--- What to work on ---
Everything from the line with "Afbeeldingen van Walking" to the line with "DOMA02032025M-152" in the listing below, both lines included, needs to be copied exactly, apart from the pictures.

--- Records for the exercise ---

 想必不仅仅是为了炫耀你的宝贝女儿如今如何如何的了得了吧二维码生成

--

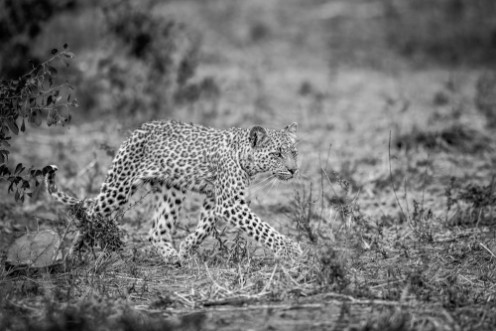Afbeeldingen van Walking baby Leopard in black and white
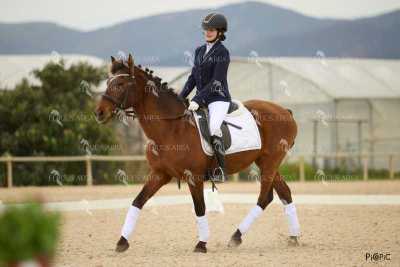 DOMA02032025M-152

---

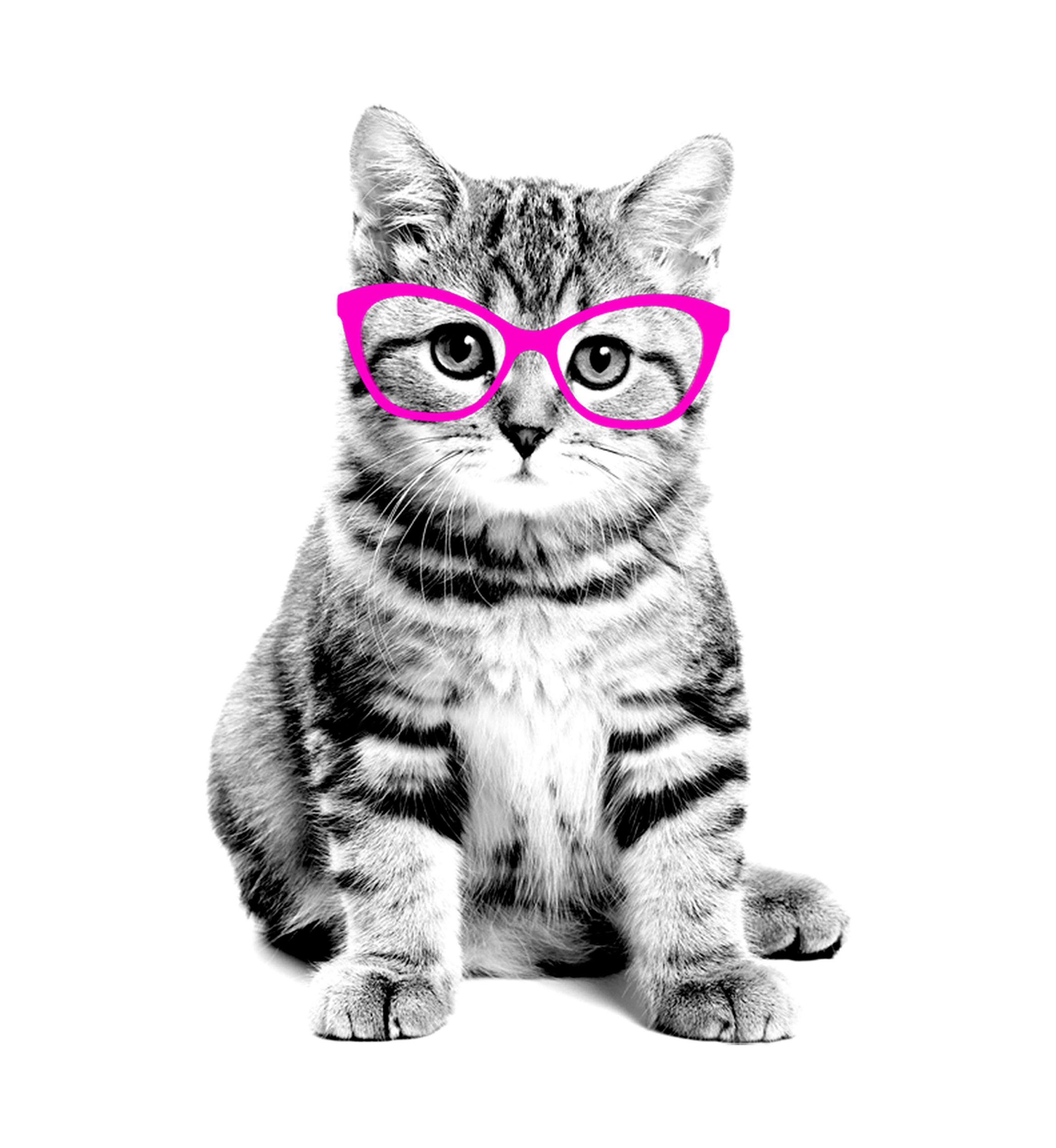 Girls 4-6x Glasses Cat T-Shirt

--- Result for this task ---
Afbeeldingen van Walking baby Leopard in black and white
 DOMA02032025M-152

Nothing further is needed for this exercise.